* Exercise brief:
Omitting all pictures, copy word for word the lines from the line containing "Mossberg Patriot Compact" through the final line of the entries.

---------- Material shown ----------

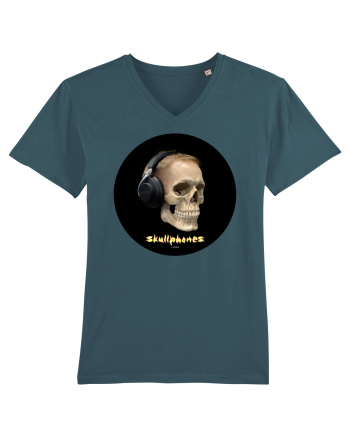 Craniu cu casti - skullphones 14 Stargazer
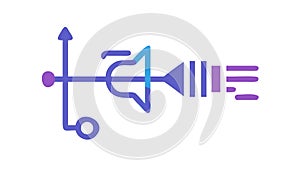 Abstract Control Panel Interface Icon Vector Graphic, vector design Generative AI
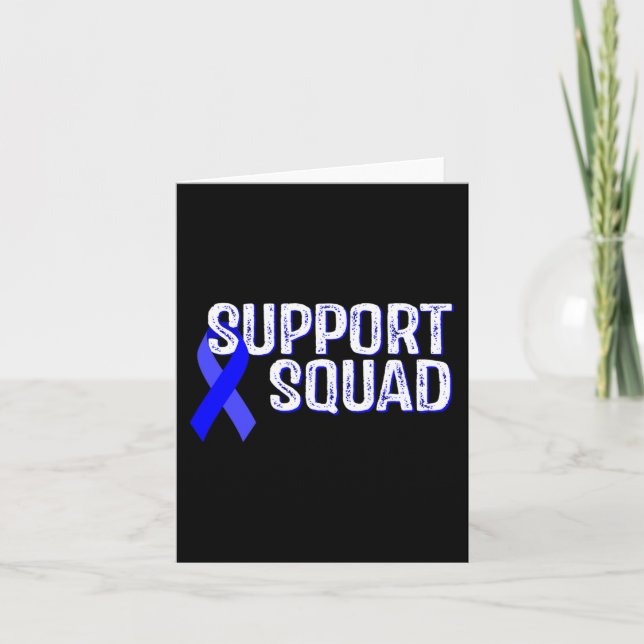 Support Squad Warrior Alopecia Areata Awareness  Card (Front)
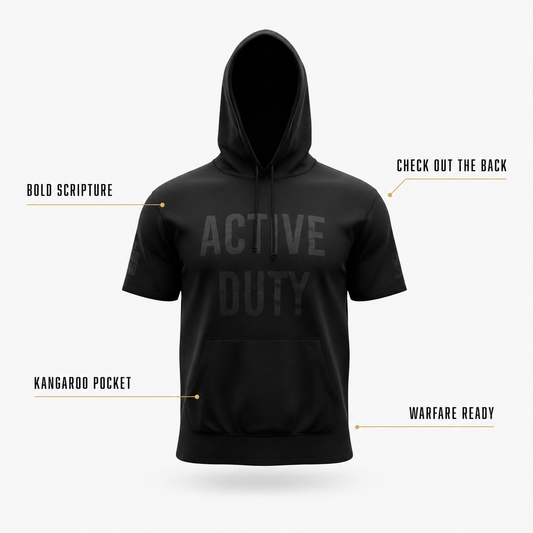 ACTIVE DUTY Short Sleeve Hoodie — Black Ops Edition (Unisex)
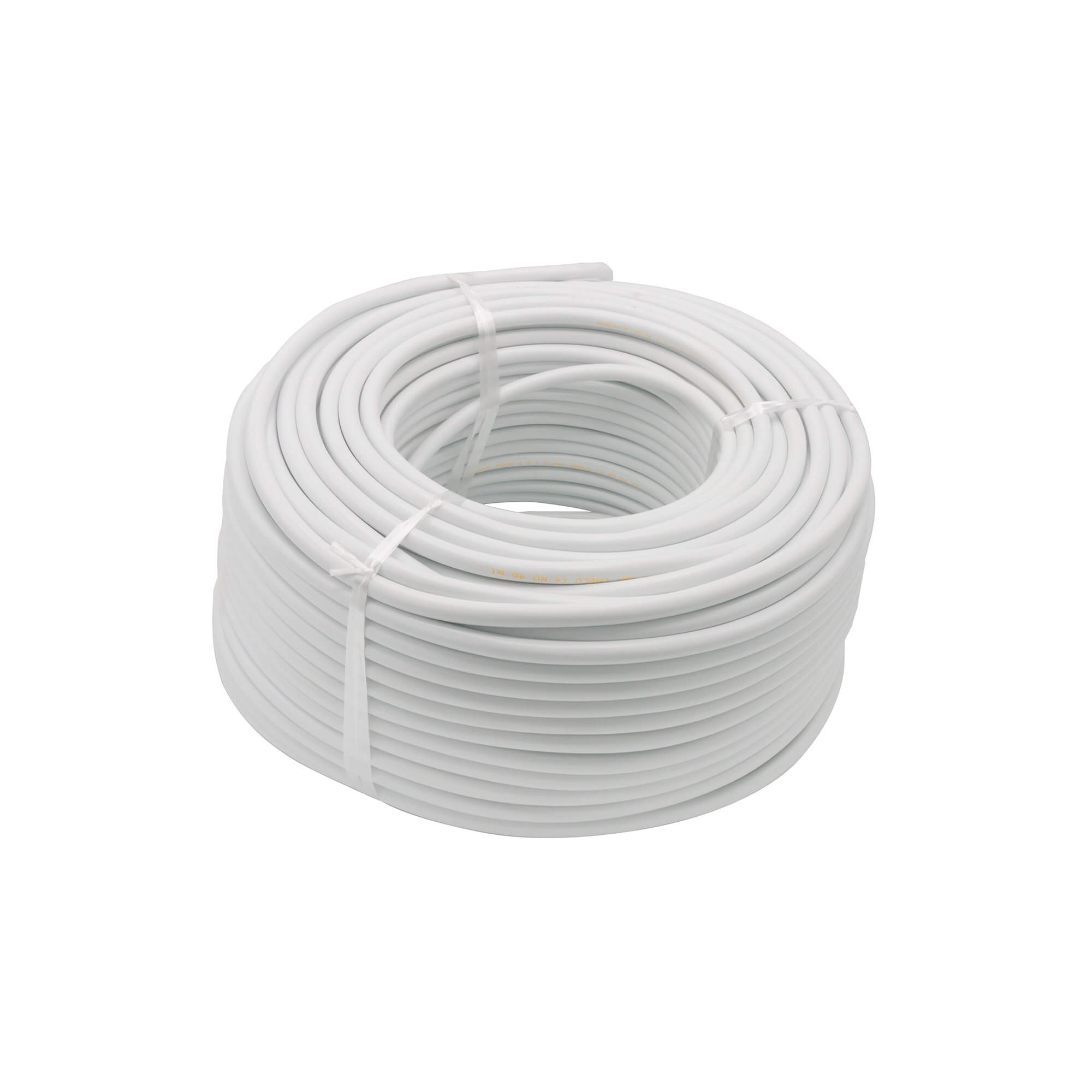 Cablu electric 4 x 1,5 mm², H05VV-F (MYYM), 100 m, alb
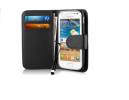 Samsung Galaxy Young 2 (G130) - Leather Wallet Case Black (OEM)
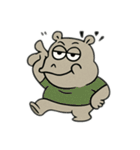 色んな表情するカバ（個別スタンプ：12）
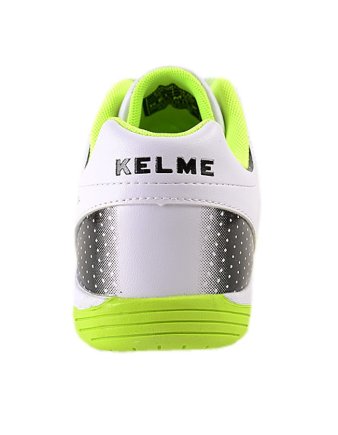 Взуття для залу Kelme Stadium Lace 55710 колір: білий/чорний/салатовий (офіційна гарантія)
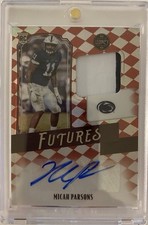 2021 Panini Legacy - Futures Patch Autographs RC Micah Parsons #FP-MP Ruby /100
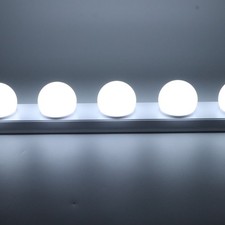 5 LED Vanity Mirror Light 5 Dimmable Bulbs 3 Color Modes 10 Brightness Levels P-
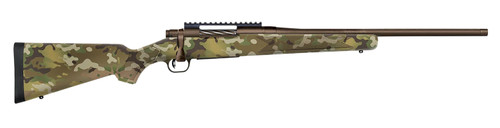 Mossberg Patriot Compact 300 Winchester Magnum Bolt-Action Rifle with Threaded Bull Barrel and MultiCam Stock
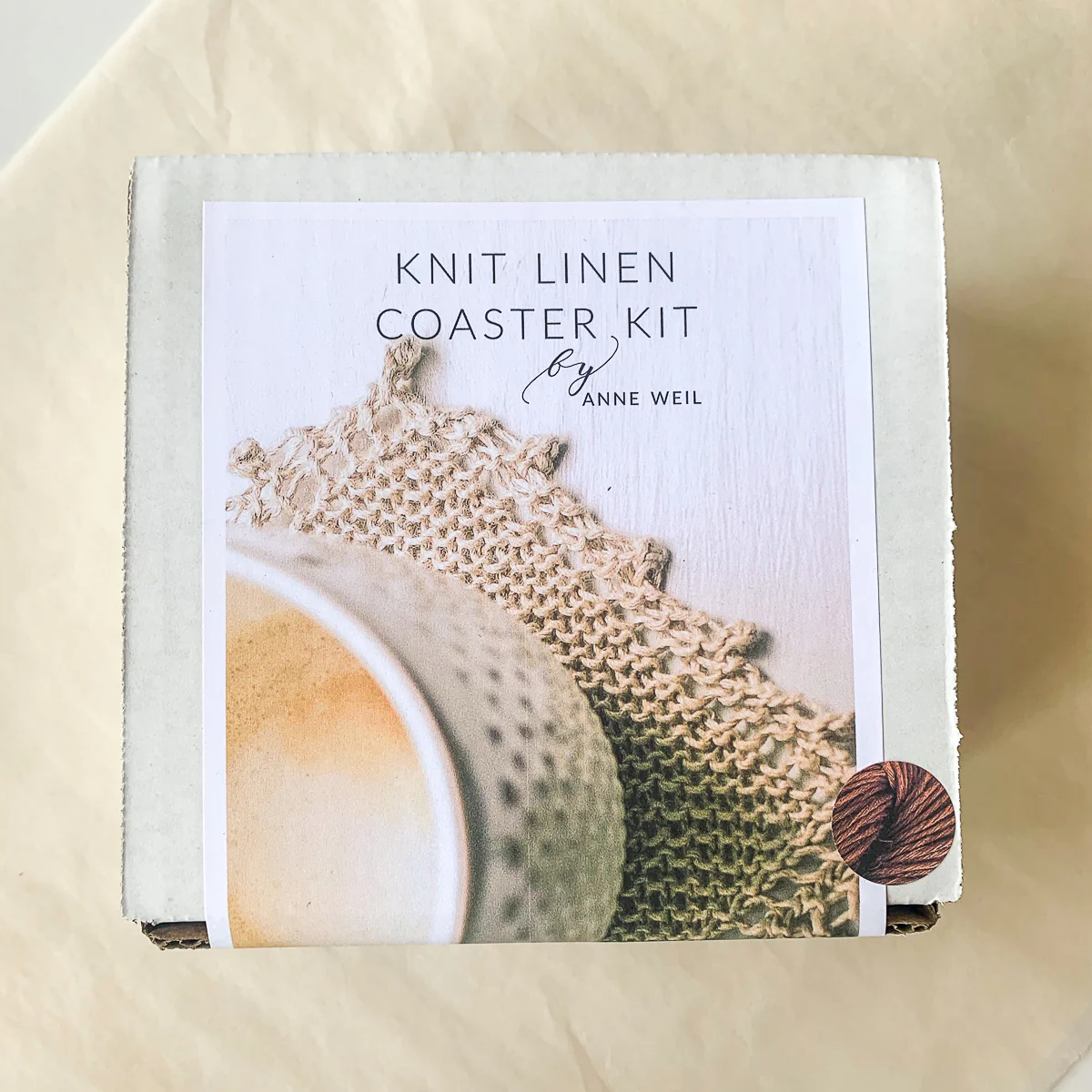 Knit Linen Coaster Kit - Image 19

----------

* Answer section:
 Mossberg Patriot Compact 300 Winchester Magnum Bolt-Action Rifle with Threaded Bull Barrel and MultiCam Stock
 Knit Linen Coaster Kit - Image 19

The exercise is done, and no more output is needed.